Awareness is comparable to our eye's focus. Just like the eye wanders so awareness does. We know that humanimals and many other animals do not look at a scene in fixed steadiness; instead, the eyes move around, locating interesting parts of the scene and building up a mental, three-dimensional image corresponding to the scene. When we look at what surrounds us, when we read or watch a screen, our eyes make jerky or saccadic movements and stop, moving very quickly between each stop. That's because the central part of our retina, the innermost, light-sensitive tissue of the eye which provides the high-resolution portion of what we see is very small, only about 1–2 degrees of vision, but it plays a critical role in resolving objects. By saccadic rapid movements the eye serves the brain with many high resolution focused areas that we then "see" as a whole.

It seems to me that our awareness is comparable to this. It jumps around like the eye. And then we pick up or focus on the most interesting "thing", on whatever catches our awareness. And if we take our whole awareness to be similar to the retina than our conscious awareness, like the eye's fovea (which is what the high resolution part of the retina is called) gives us a high resolution thought, feeling, intuition, image or whatever else we focus our consciousness on. "Pay attention" is the same as saying, focus your consciousness on this particular area of the whole of your awareness.

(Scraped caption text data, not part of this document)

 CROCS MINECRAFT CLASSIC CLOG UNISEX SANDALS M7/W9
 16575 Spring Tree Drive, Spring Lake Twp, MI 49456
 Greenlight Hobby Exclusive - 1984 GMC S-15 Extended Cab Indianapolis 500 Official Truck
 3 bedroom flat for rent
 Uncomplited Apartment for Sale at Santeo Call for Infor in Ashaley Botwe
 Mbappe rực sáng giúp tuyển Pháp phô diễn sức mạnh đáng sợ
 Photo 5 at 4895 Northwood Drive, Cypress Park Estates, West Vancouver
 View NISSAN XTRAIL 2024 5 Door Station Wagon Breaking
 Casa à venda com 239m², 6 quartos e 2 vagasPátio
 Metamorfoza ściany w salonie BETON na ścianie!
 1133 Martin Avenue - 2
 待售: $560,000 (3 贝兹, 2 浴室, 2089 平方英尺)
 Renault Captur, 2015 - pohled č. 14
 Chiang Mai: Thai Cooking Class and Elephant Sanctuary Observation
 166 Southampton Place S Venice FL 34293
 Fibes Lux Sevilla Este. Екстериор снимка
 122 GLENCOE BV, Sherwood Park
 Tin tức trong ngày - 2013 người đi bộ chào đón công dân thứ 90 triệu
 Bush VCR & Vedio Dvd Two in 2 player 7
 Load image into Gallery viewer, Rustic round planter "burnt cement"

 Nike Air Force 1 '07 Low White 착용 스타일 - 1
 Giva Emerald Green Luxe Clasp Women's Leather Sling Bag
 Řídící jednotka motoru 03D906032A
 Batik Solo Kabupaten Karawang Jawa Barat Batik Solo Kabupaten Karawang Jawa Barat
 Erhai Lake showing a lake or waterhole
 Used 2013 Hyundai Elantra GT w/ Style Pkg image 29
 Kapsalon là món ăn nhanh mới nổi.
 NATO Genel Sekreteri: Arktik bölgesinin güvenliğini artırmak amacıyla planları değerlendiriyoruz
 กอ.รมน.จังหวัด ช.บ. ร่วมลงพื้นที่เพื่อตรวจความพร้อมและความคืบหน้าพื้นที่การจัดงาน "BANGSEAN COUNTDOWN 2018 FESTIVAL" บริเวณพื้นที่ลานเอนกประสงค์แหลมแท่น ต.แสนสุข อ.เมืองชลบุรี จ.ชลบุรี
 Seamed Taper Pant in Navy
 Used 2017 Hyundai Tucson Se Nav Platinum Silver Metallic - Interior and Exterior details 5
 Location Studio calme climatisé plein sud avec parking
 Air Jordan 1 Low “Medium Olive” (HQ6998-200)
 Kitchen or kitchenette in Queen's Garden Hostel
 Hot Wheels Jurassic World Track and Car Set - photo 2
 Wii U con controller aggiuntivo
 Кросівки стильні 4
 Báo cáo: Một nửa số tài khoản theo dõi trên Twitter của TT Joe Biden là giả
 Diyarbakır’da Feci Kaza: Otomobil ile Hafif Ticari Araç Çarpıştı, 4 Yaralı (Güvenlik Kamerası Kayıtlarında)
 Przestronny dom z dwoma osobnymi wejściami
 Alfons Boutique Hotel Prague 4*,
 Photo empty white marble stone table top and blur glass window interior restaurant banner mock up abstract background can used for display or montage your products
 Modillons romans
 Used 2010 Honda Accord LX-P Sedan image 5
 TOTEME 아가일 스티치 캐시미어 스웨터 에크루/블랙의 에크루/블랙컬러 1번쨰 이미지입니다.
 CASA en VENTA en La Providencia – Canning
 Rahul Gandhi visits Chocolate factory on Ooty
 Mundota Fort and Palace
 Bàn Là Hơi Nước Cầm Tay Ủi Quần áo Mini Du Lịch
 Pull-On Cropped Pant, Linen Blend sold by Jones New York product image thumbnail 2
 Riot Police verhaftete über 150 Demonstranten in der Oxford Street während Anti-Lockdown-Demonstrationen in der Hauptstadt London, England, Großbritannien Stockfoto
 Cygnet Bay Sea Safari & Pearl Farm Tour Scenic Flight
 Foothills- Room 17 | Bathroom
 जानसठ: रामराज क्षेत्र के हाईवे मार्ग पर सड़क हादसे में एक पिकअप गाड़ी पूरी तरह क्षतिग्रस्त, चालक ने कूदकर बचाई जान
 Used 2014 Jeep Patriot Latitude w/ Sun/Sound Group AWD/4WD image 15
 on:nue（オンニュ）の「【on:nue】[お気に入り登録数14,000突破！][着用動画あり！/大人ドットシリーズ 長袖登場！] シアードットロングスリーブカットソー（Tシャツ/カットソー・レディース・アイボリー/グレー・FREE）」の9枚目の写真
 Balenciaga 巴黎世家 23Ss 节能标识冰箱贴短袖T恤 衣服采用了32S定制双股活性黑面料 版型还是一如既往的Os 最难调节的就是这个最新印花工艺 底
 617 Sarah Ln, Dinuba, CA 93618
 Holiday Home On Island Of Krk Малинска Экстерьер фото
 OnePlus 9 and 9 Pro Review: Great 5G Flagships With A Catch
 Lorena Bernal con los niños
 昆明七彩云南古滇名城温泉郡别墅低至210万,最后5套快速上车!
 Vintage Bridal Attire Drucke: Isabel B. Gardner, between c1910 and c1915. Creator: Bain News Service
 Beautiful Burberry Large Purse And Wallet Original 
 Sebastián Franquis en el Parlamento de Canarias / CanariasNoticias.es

We could call the whole of what we can potentially have conscious awareness of, what we can focus on, as "context." The context is akin to the environment our eyes can see only it is very, very much larger. It includes what we see, hear, sense, smell, taste, and feel emotionally plus all the psychological, psychic, logic, imaginary, remembered experiences and a whole lot more, anything that is potentially open to our awareness. And then there is the whole range of culture, economy, politics and so on that can sorely occupy awareness. Not even to mention love and hate...

We can only be selectively aware. To use a very modern metaphor, the bandwidth of consciousness is limited even if you take "cosmic consciousness" to be utterly real, like I do. It's just that the resolution of cosmic consciousness is rather low, it doesn't allow for much more than an ecstatic sense of absolute unity, for instance. When being cosmically conscious you cannot really focus on anything in particular, like the ant crawling up your leg or a US-President lying about every little thing he ever did.

Knowing this you could experiment a bit with "unfocusing." You may want to start with sight. Try aiming your attention at the unfocused areas of the visual field. Playing around with that can be entertaining while you learn a lot about your present limits and about how hard it is to let go of focus and what you focus on. Once you've mastered that to your personal satisfaction it becomes easier to defocus conscious awareness and allow the context more prominence in awareness.